Step four: PANDAS

Cleaning using Python & Pandas

Insights below

Back to the analysis

Pandas

Unfortunately, we are not talking about Pandas the animal here. Pandas is a fast, powerful, flexible and easy to use open-source data analysis and manipulation tool, built on top of the Python programming language.

The name is actually derived from the term “panel data”, an econometrics term for multidimensional structured data sets.

Python

You may be wondering what is Python? More animals? What is it with coding and animals?! Python is an interpreted, object-oriented, high-level programming language with dynamic semantics.

Jupyter notebooks

Whilst it is cool to run full python scripts that complete allot of tasks, when completing data analysis or cleaning data, it is easier to execute our code section by section. We can then react easily to our results and adapt our code to explore different avenues based upon our findings. This is where Jupyter notebooks come in.

full notebook

Set Up

We start off our code by importing our libraires we will need along with a few presentational formats.

Import and view our datasets

We exported our datasets from SQL in two tables. One which contains monthly housing data and the other contains the yearly data with many more columns. We can use df.head() to see a preview of our datasets quickly and easily.

Monthly Data

It’s always good to get an insight into our data before we start going about trying to clean anything. We can then get a good idea of what areas we need to focus on.

Looks like we have 14,355 rows of data, a mean house price of £275,571 and 3,834 houses sold in a month on one area. The maximum house price was £1,463,377.92 and 132,163 houses sold in a month in one area.

Our data looks pretty clean thanks to our work in SQL. The houses sold column looks to be the only one with missing values.

We shall deal with the missing values by dropping the rows form the dataset.

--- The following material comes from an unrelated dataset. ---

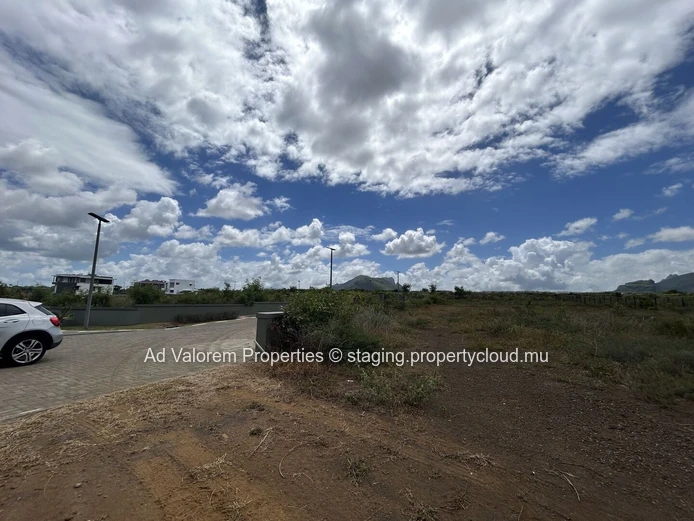 "Exclusive Gated Residential Land in Prime Flic en Flac Location - 1.234m² for Rs 16.5M!"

This is a task made simple with pandas.

We have now removed all missing data from our monthly dataset.

Annual Data

We can start by getting a description of our data. There are allot columns here but to pick a few the average age seems to be what we’d expect 44, being around middle age telling us this column is likely to have a normal distribution. We can also tell our data is made up mostly of boroughs as our average borough flag is close to 1. We also have around 140,916 rows of data, that’s allot of data! How could we ever handle all this data -> pandas!

This data contains allot more columns. As we combined our data using a LEFT OUTER JOIN, we know that all data in the furthest left columns will be fully complete. However, if there was no match in the table we joined, on the value we joined on, then we end up with a missing value. This is represented by a gap in our diagram.

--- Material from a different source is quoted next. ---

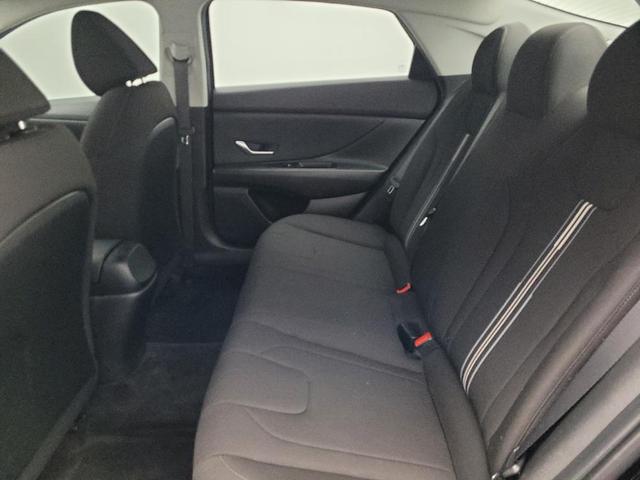 Photo of 2023 Onyx Black Hyundai ELANTRA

We can arrange our missing values into a table and sort by the highest number of missing values. I explain why which columns we will drop at the bottom of this image. We are able to do this due to the ability to use markdown in Jupyter notebooks.

Once we have dropped the value, we have outlined then we can reinspect our data. Our data looks much cleaner! Although we have lost around 25,000 rows of data, many of these were blank and hinder our EDA and machine learning models accuracy.

To decipher why we still having missing values becomes an easier task due to our work in SQL. When performing the analysis for each dataset we examined the dates that each table covered. The columns which contain missing values, being recycling and pay, only run from 2004-2019.Whereas our data currently runs from 1995 until 2021. We shall drop the dates outside our matched date range.

We are also still to remove the boroughs which do not have a match. We can do this by running a search of the total hourly pay column. This returns a series and using this to produce the related unique values in the area column. We can then remove these boroughs from our dataset.

Now we have a very clean dataset with every row now containing a match in all other columns. This is perfect for our machine learning models and EDA. Our data now represents 29 boroughs for the data range 2014-2020.